Examining the sequence of the Rx. gelatinosus CBS MBH small subunit HupA reveals that it is likely an O2-tolerant hydrogenase. It contains two conserved supernumerary cysteines (Cys98 and Cys197) that align with the characterized Cys19 and Cys120 in the O2-tolerant NiFe-hydrogenases of R. eutropha H16 MBH [54] and E. coli Hyd-1 [55], whereas the O2-sensitive hydrogenase contain glycine residues instead. Rx. gelatinosus CBS contains HupI (HoxR homolog in R. eutropha H16), a rubredoxin-type FeS protein deemed essential in assembling the O2-tolerant MBH in R. eutropha H16 when cultured in aerobic environment [54], [56]. Future studies may reveal whether the supernumerary cysteines contribute to the O2-tolerance of the MBH in Rx. gelatinosus CBS [7].
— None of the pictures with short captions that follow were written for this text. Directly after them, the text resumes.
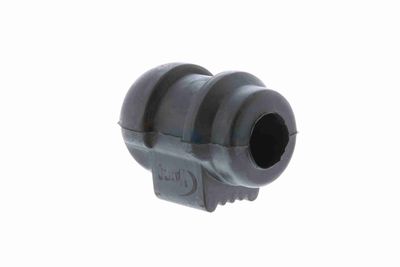 LAGERUNG STABILISATOR VAICO V469617 8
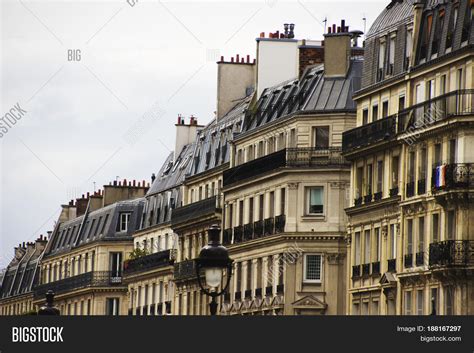 Traditional French Image & Photo (Free Trial) | Bigstock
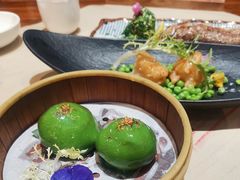 -山塘街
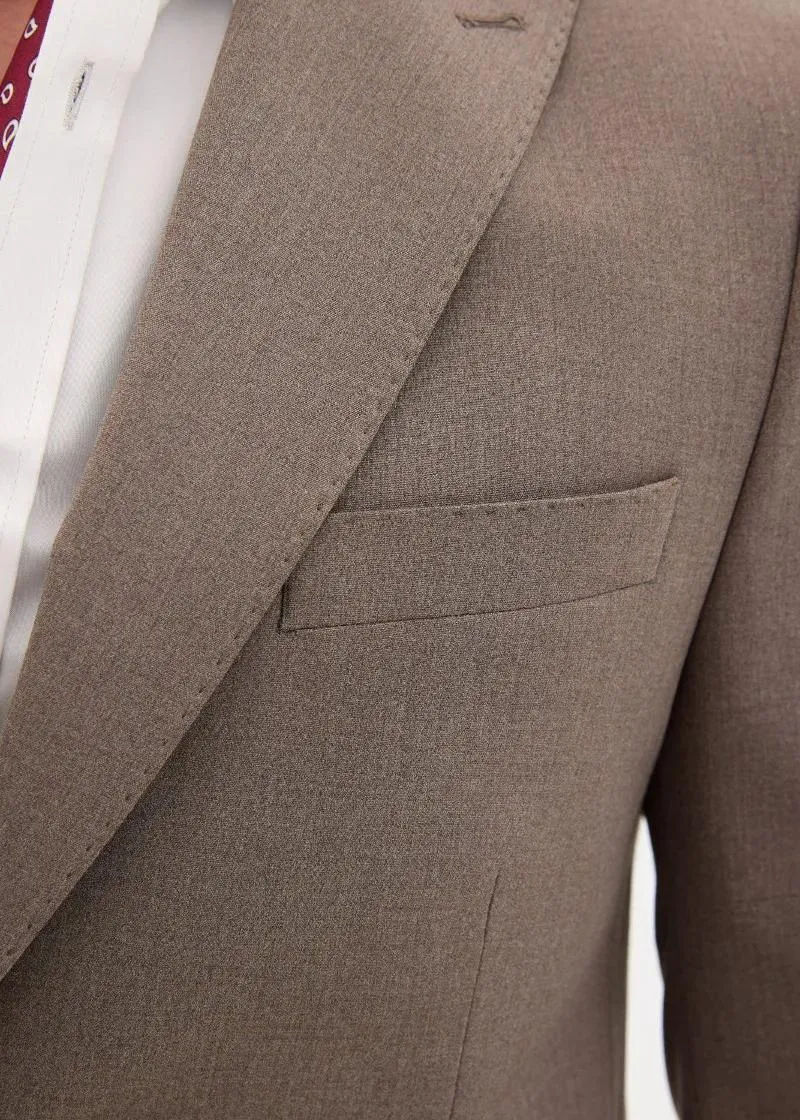 ОДЕЛО (ПАЛТО) 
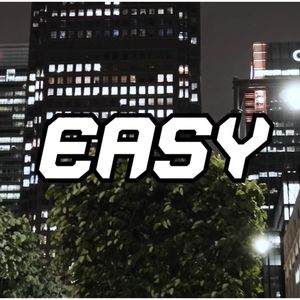 Easy (Explicit)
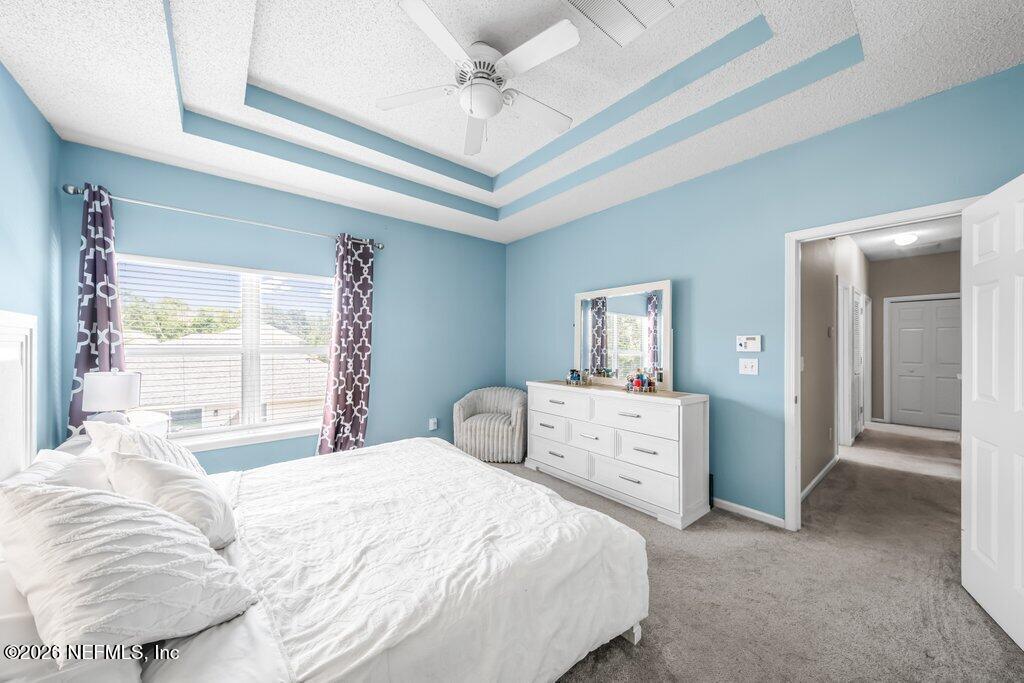 12529 CLIFFROSE Trail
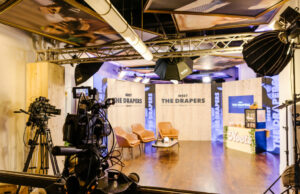 Veja como é realmente aparecer no programa de pitch ‘Fulfill the Drapers’ do bilionário VC Tim Draper Veja como é realmente aparecer no programa de pitch ‘Fulfill the Drapers’ do bilionário VC Tim Draper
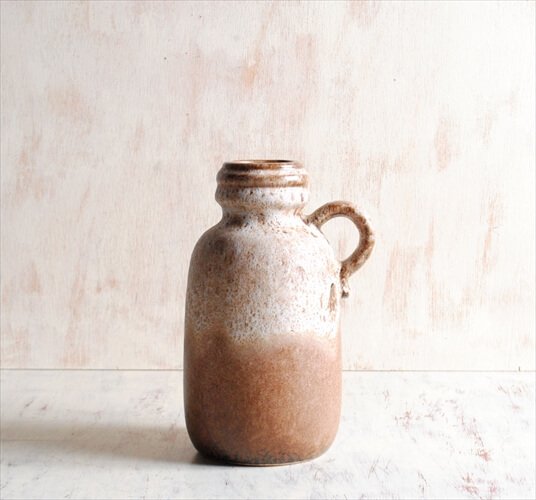 ɥ ơ Scheurich Fat lava ƫβ ִ ޤ ߥåɥ꡼ ե١ ƥ_220826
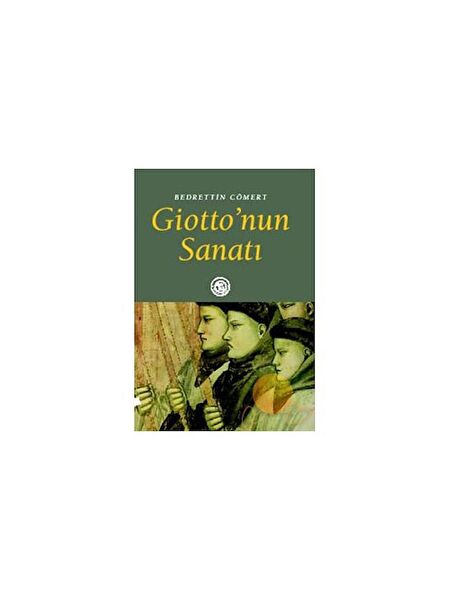 De Ki Yayınları Sanat ve Tasarım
NiFe Hydrogenase Maturation Factors.

Genome sequencing also reveals the presence of two copies of the pluripotent hyp hydrogenase maturation genes. One copy (hereafter hyp1FCDEAB) clusters near the coo operon (Figure 3) and another (hereafter hyp2ABFCDE) is located in the MBH operon. The respective proteins from hyp1 and hyp2 share identities ranging from 35% to 54% (Table 3). However, Rx. gelatinosus CBS Hyp2 proteins display much higher identity (ranging from 60 to 77%) with the respective counterparts in the R. eutropha H16 MBH operon (Table 3). It is therefore likely that the hyp1 cluster is responsible for assembling the CO-linked, H2-evolving hydrogenase while the hyp2 cluster assembles the MBH in Rx. gelatinosus CBS. Genetic knockout of hyp1 and/or hyp2 will directly test this hypothesis. No hyp genes were found near the coo operon in the Rs. rubrum sequenced genome (Figure 3). Two sets of hyp maturation genes were found in the Rs. rubrum genome, with one partial set (hypABC) clustered near its MBH (HupAB) and a second set (hypFCDEB) clustered near a ferredoxin hydrogenase. The latter is likely a fermentative hydrogenase linking H2 production to formate oxidation [57] since a nearby operon contains genes encoding formate dehydrogenase, a formate transporter, and a chaperon protein for the biosynthesis of molybdenum cofactor. A second hypA was found in a distant location in the genome. Rs. rubrum therefore might recruit these hyp genes for maturation of its CO-linked hydrogenase.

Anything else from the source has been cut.